## Creating a Financial Data Analysis Application Using ChatGPT-o1

In this project, we will build interactive dashboards & visualizations that help us understand the stock market better. We will build a system that:

*   For given stocks, we understand its stock price

## Step 1: Build a stock price visualization tool

_Prompt Used: I would like to build a stock price visualization tool using Python. The outcome of this application needs to be an interactive visualization that is embedded in a Google Colab, where there are two drop downs, one for a given stock, and one for different time horizons (1M, 3M, 6M, etc..). Use matplotlib and seaborn for the visualizations, and Yahoo Finance to access the data.

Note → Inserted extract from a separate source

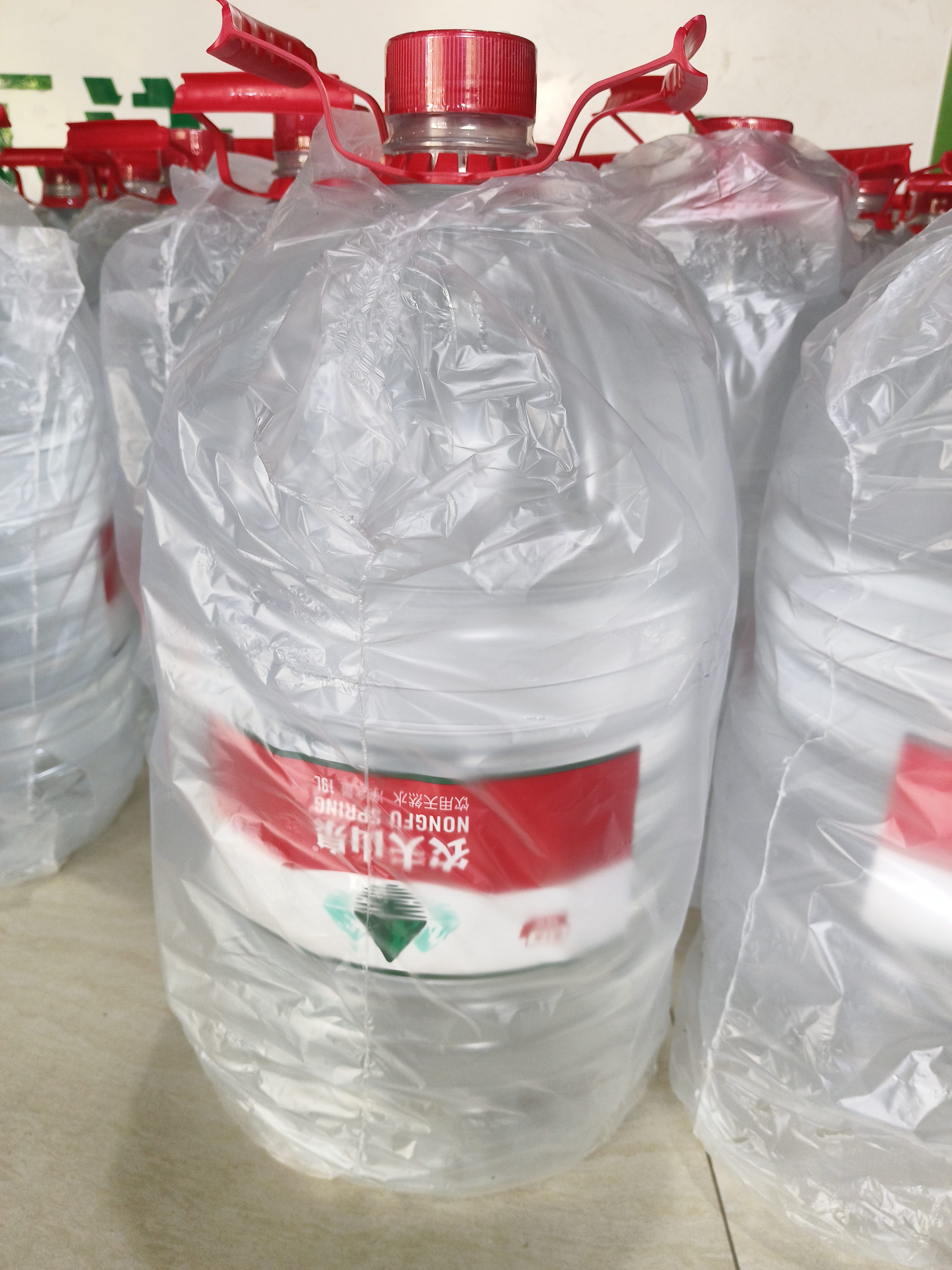 涿州樂洋島，品牌桶裝水， - 保定市桶裝水站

Please provide me detailed instructions on how I can paste the code into Google Colab._

In [1]:
# Install yfinance
!pip install yfinance



In [2]:
# Import libraries
import yfinance as yf
import matplotlib.pyplot as plt
import seaborn as sns
import pandas as pd
from ipywidgets import interact, widgets
import datetime

In [3]:
# List of stock tickers
stock_list = ['AAPL', 'GOOGL', 'MSFT', 'AMZN', 'TSLA', 'META', 'NVDA', 'JPM', 'V', 'JNJ']

# Time horizons with corresponding days
time_horizons = {
    '1 Month': 30,
    '3 Months': 90,
    '6 Months': 180,
    '1 Year': 365,
    '2 Years': 730,
    '5 Years': 1825
}

In [4]:
# Define the dropdowns
stock_dropdown = widgets.Dropdown(
    options=stock_list,
    value='AAPL',
    description='Stock:',
)

time_dropdown = widgets.Dropdown(
    options=list(time_horizons.keys()),
    value='1 Month',
    description='Time Horizon:',
)


In [5]:
def plot_stock_price(stock_symbol, time_period):
    # Calculate start and end dates
    end_date = datetime.datetime.today()
    start_date = end_date - datetime.timedelta(days=time_horizons[time_period])

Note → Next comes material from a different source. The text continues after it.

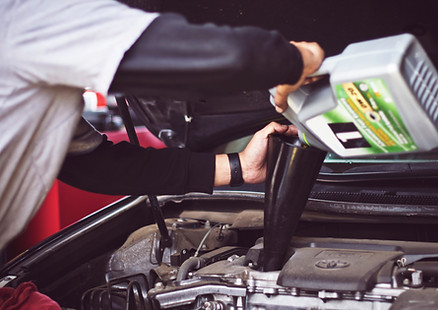 Car Oil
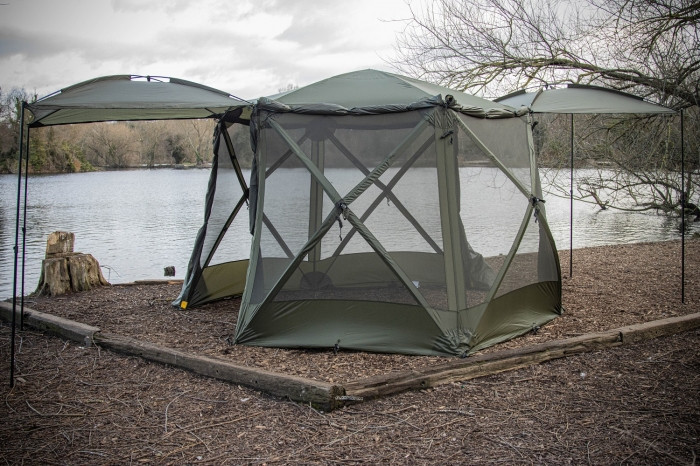 Шелтер Solar SP 6-HUB Cube Shelter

    # Fetch data from Yahoo Finance
    stock_data = yf.download(stock_symbol, start=start_date, end=end_date)

    # Flatten column names if they are MultiIndex
    if isinstance(stock_data.columns, pd.MultiIndex):
        stock_data.columns = stock_data.columns.get_level_values(0)

    # Check if data is returned
    if stock_data.empty:
        print(f"No data found for {stock_symbol}")
        return

    # Reset index to use 'Date' column
    stock_data.reset_index(inplace=True)

    # Ensure 'Close' is a Series
    if isinstance(stock_data['Close'], pd.DataFrame):
        stock_data['Close'] = stock_data['Close'].squeeze()

    # Set plot style
    sns.set_style('whitegrid')

    # Create the plot
    plt.figure(figsize=(14, 7))
    sns.lineplot(x='Date', y='Close', data=stock_data, marker='o')

    # Customize the plot
    plt.title(f"{stock_symbol} Closing Prices - Last {time_period}", fontsize=16)
    plt.xlabel('Date', fontsize=14)
    plt.ylabel('Closing Price ($)', fontsize=14)
    plt.xticks(rotation=45)
    plt.tight_layout()
    plt.show()

In [6]:
# Create the interactive plot
interact(
    plot_stock_price,
    stock_symbol=stock_dropdown,
    time_period=time_dropdown
)

interactive(children=(Dropdown(description='Stock:', options=('AAPL', 'GOOGL', 'MSFT', 'AMZN', 'TSLA', 'META',…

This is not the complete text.